Description of the task: Beginning at the line that contains "Murphy,David Lee - We", reproduce the entries below exactly, ending with the line that contains "Eski İnsanlar Eski". Omit each picture.

Source material:
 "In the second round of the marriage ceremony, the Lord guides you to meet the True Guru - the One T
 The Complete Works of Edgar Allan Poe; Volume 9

...

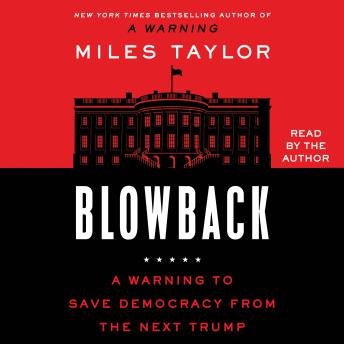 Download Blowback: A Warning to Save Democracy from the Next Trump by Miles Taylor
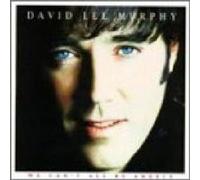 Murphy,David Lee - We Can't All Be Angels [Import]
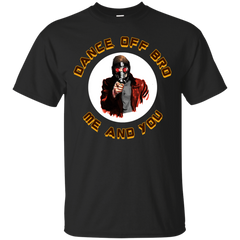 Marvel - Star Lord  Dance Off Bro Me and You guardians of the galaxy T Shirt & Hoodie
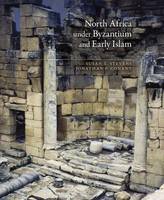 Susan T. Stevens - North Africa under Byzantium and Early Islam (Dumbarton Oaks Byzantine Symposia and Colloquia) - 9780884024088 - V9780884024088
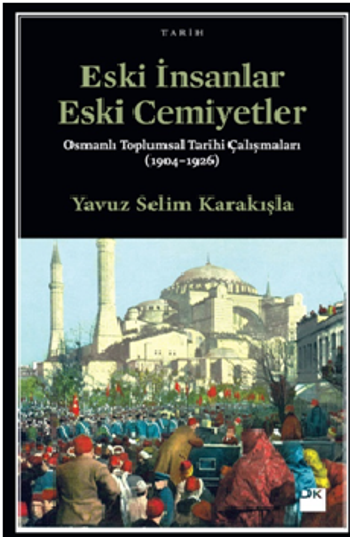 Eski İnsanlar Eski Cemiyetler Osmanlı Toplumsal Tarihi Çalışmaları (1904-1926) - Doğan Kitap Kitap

Answer for the task:
 Murphy,David Lee - We Can't All Be Angels [Import]
 Marvel - Star Lord  Dance Off Bro Me and You guardians of the galaxy T Shirt & Hoodie
 Susan T. Stevens - North Africa under Byzantium and Early Islam (Dumbarton Oaks Byzantine Symposia and Colloquia) - 9780884024088 - V9780884024088
 Eski İnsanlar Eski Cemiyetler Osmanlı Toplumsal Tarihi Çalışmaları (1904-1926) - Doğan Kitap Kitap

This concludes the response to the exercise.